> EXERCISE DETAILS
Repeat the listing exactly as given, omitting every image.
___
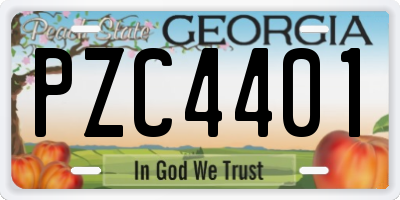 GA license plate PZC4401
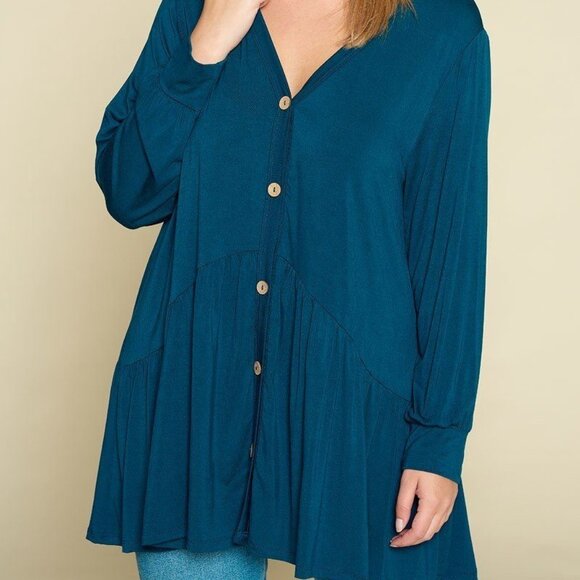 Plus Size Solid Heavy Rayon Modal Jersey Faux Button Up - Picture 8 of 8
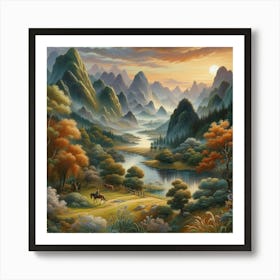 Chinese Landscape Art Print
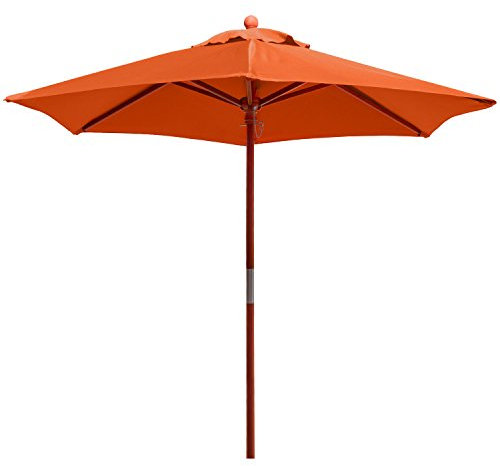 anndora® Sonnenschirm Marktschirm Balkonschirm ø 2,1 m rund - mit Winddach Terracotta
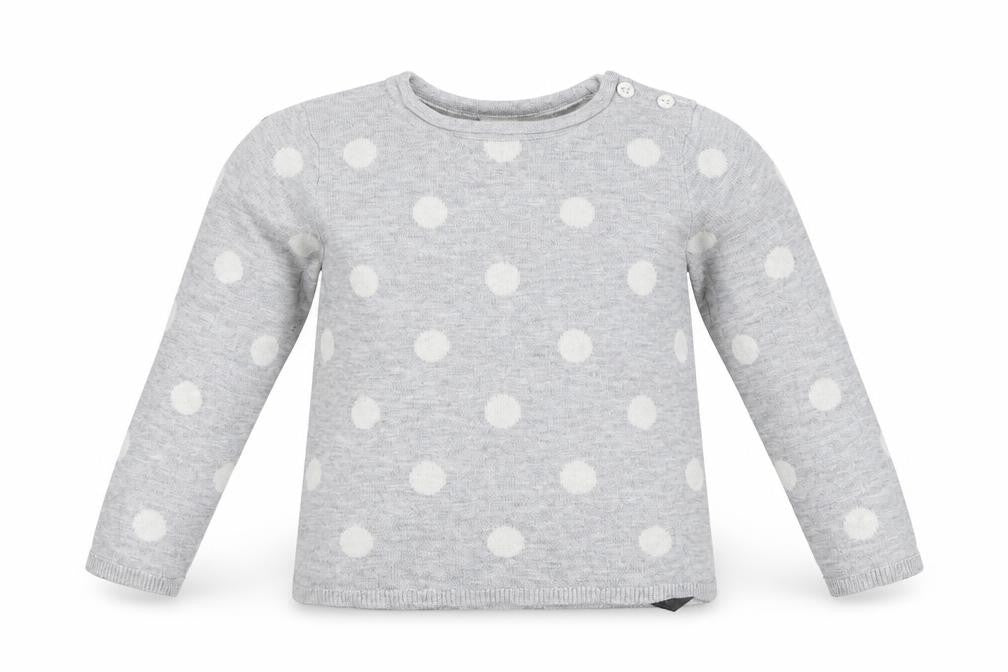 Front view of H&M Baby Grey Polka Dot jumper, size 24, Months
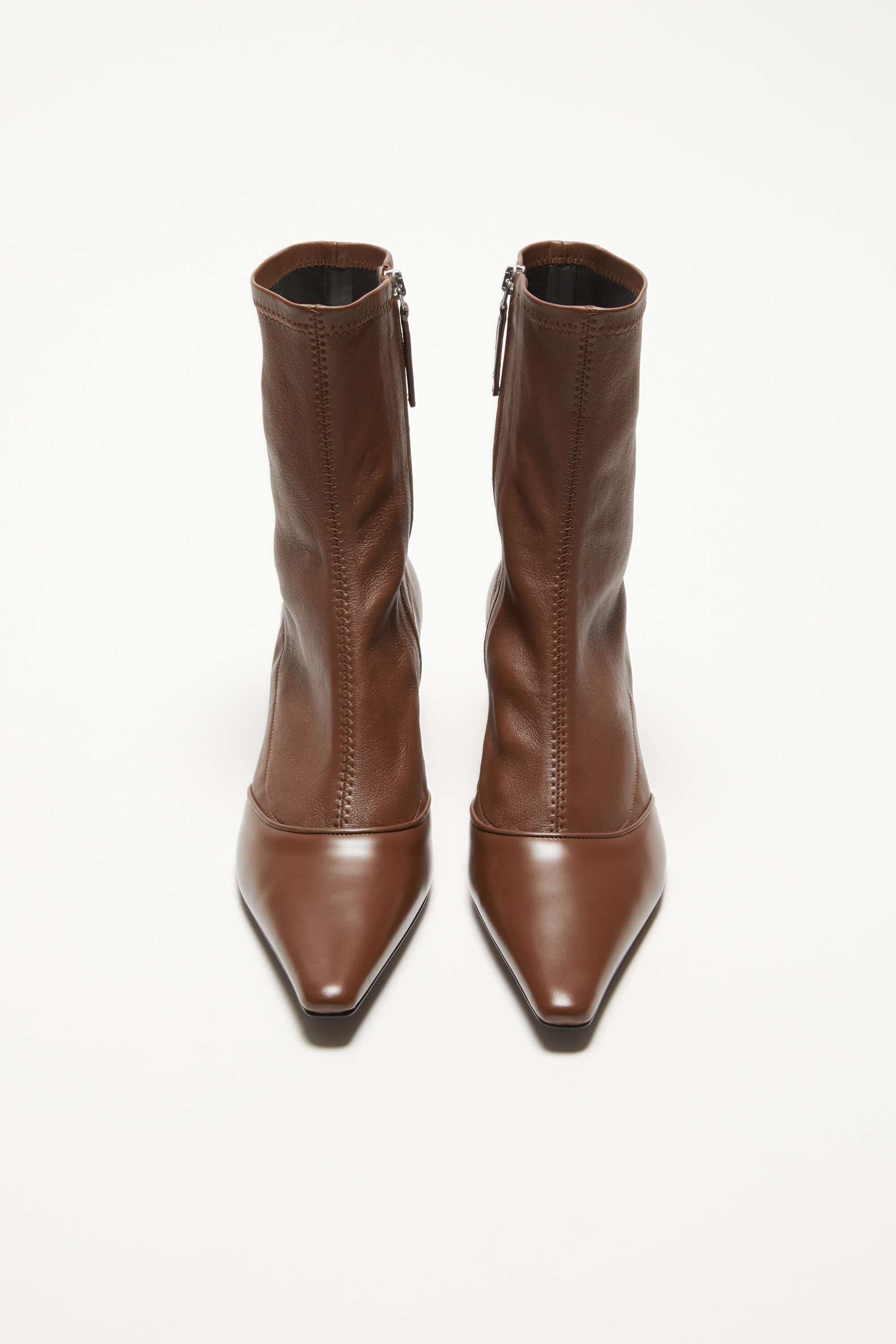 Heeled ankle boots - Cognac brown - 3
___
> SOLUTION TO THIS EXERCISE
 GA license plate PZC4401
 Plus Size Solid Heavy Rayon Modal Jersey Faux Button Up - Picture 8 of 8
 Chinese Landscape Art Print
 anndora® Sonnenschirm Marktschirm Balkonschirm ø 2,1 m rund - mit Winddach Terracotta
 Front view of H&M Baby Grey Polka Dot jumper, size 24, Months
 Heeled ankle boots - Cognac brown - 3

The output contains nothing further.